Task goal: The output should match, line for line, the records from the line containing "Maverick Suites at 28 Fenway, Brookline" through the line containing "Two-Bedroom Apartment in Avgerinou Studios", with every picture left out.

Material for the task:
•••
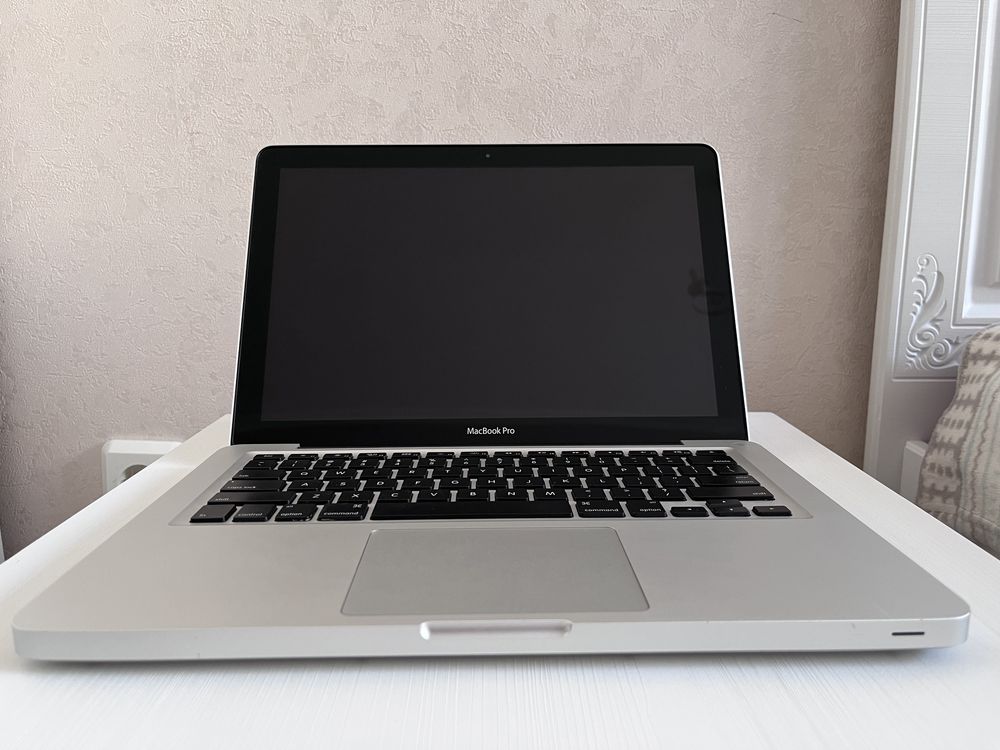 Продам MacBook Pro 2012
•••
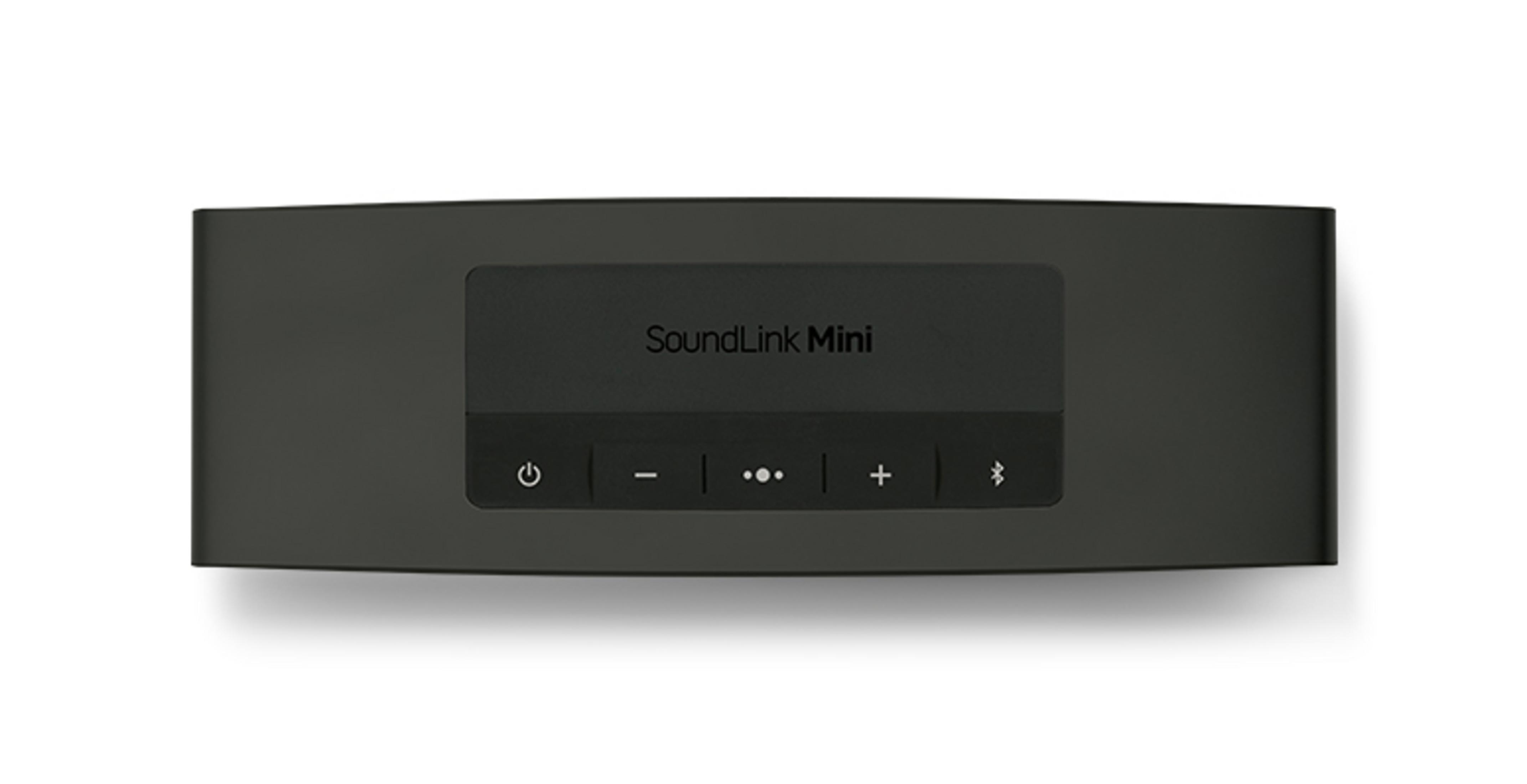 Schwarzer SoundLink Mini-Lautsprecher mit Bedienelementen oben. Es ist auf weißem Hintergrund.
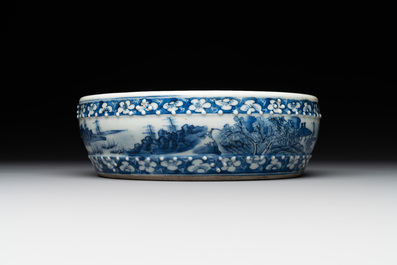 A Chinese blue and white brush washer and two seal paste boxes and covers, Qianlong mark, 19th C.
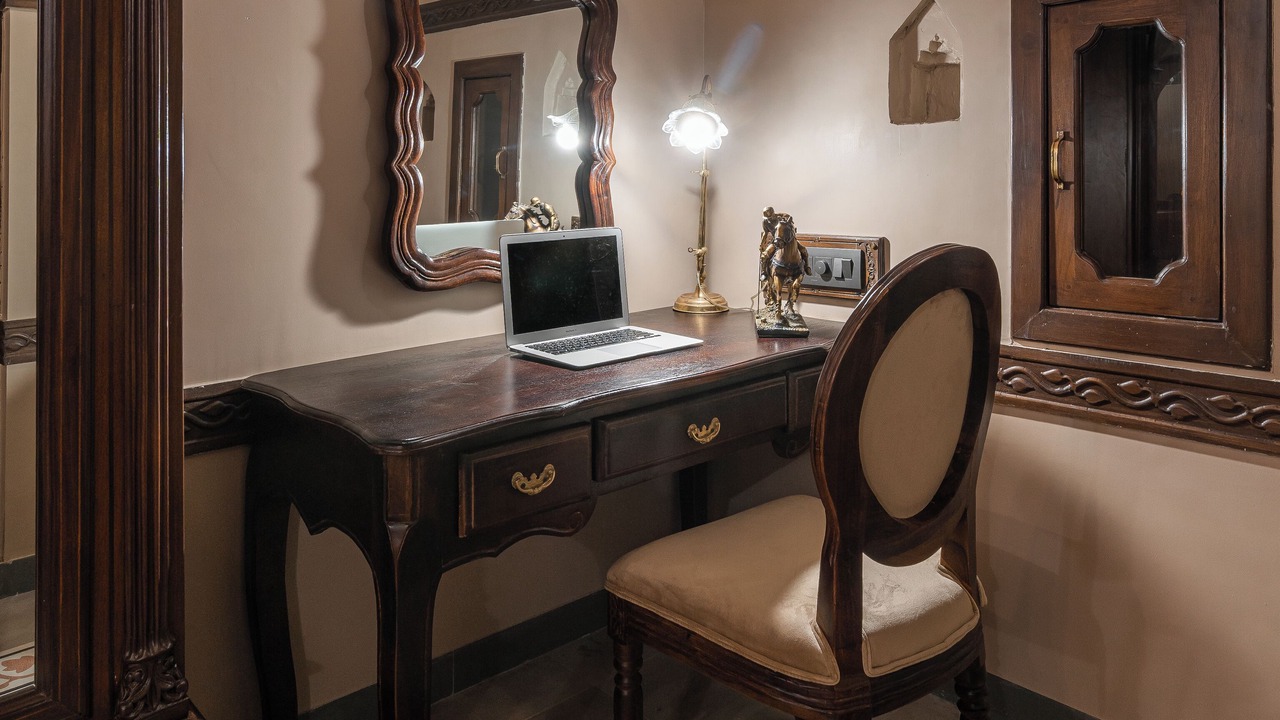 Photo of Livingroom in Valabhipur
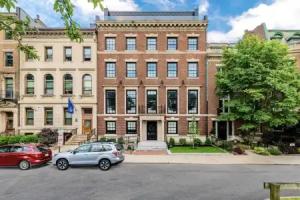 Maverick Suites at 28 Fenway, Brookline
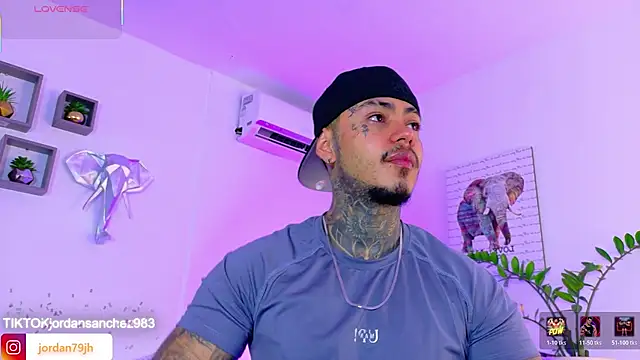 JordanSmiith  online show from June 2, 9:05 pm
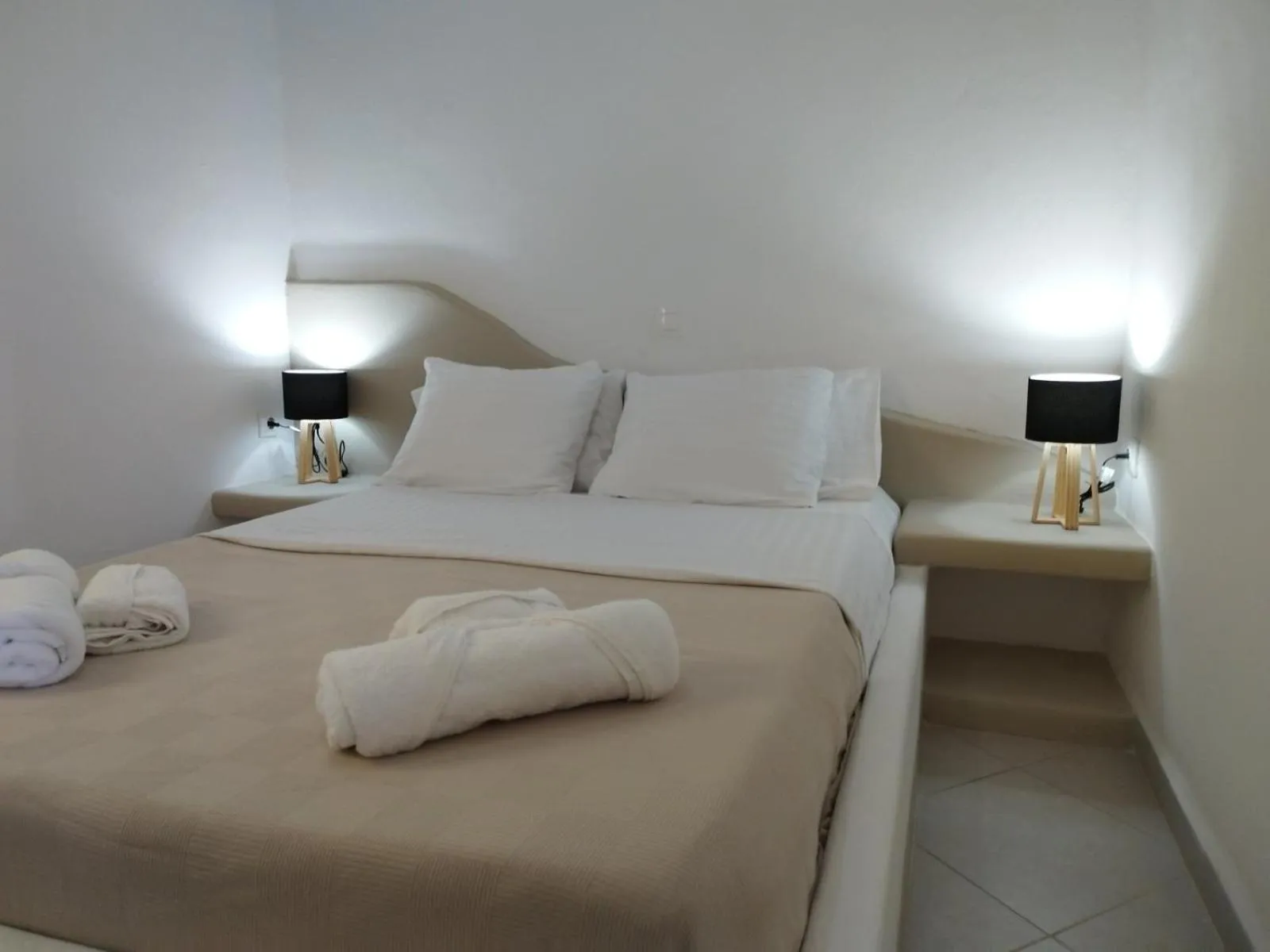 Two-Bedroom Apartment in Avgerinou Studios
•••
Response to the task:
 Maverick Suites at 28 Fenway, Brookline
 JordanSmiith  online show from June 2, 9:05 pm
 Two-Bedroom Apartment in Avgerinou Studios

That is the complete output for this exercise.